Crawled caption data

*** Block opens ***

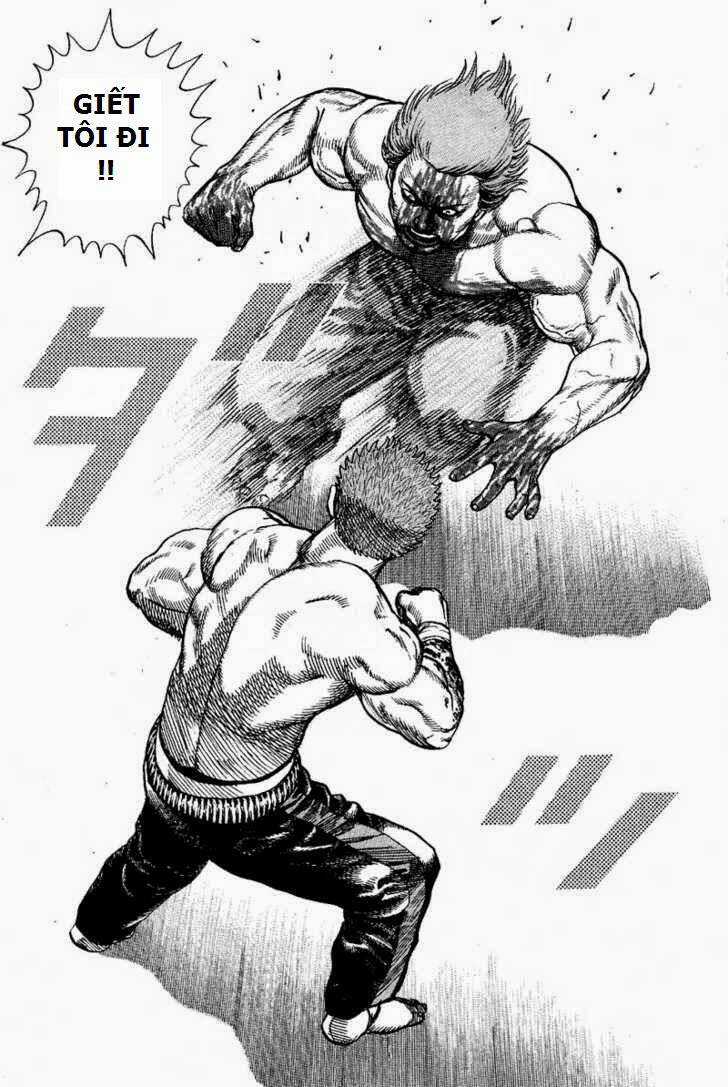 Tough - Miyazawa Kiichi Chapter 16 trang 7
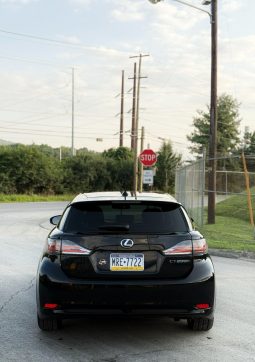 
										2012 Lexus CT200H 103k Miles full									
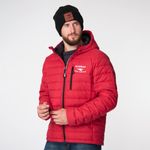 Куртка Alaskan Juneau Red XXL утепл.стеганая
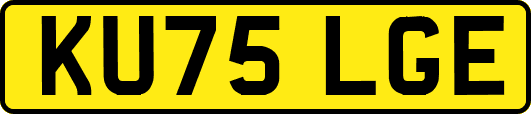 KU75LGE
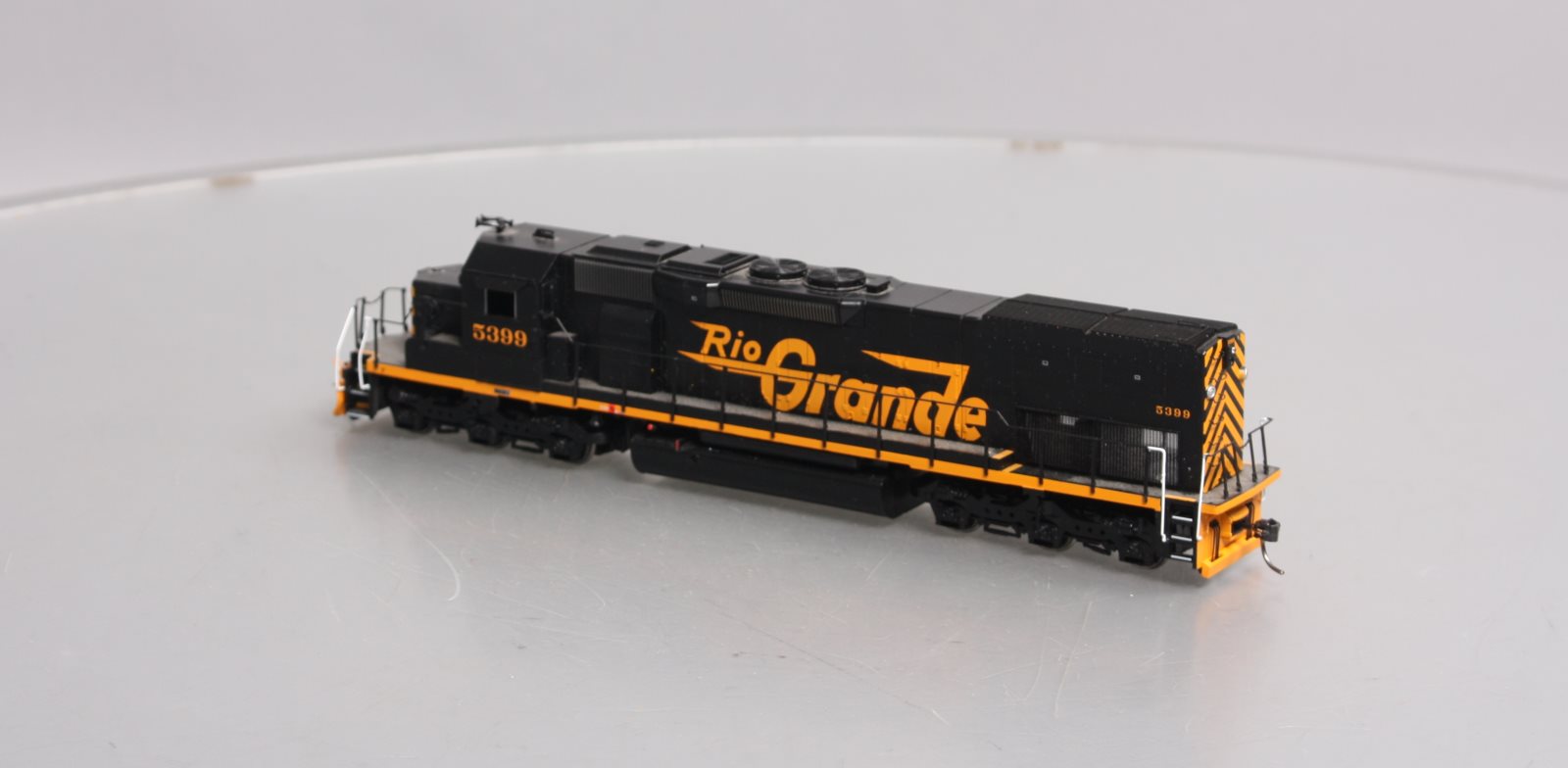 Athearn 95118 HO Scale Rio Grande SD40T-2 Diesel Locomotive #5399 LN/Box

*** Block closes ***

- [TASK DETAILS]: Faithful copy, images left out: write out every line of data.

- [EXERCISE SOLUTION]:
 Tough - Miyazawa Kiichi Chapter 16 trang 7
										2012 Lexus CT200H 103k Miles full									
 Куртка Alaskan Juneau Red XXL утепл.стеганая
 KU75LGE
 Athearn 95118 HO Scale Rio Grande SD40T-2 Diesel Locomotive #5399 LN/Box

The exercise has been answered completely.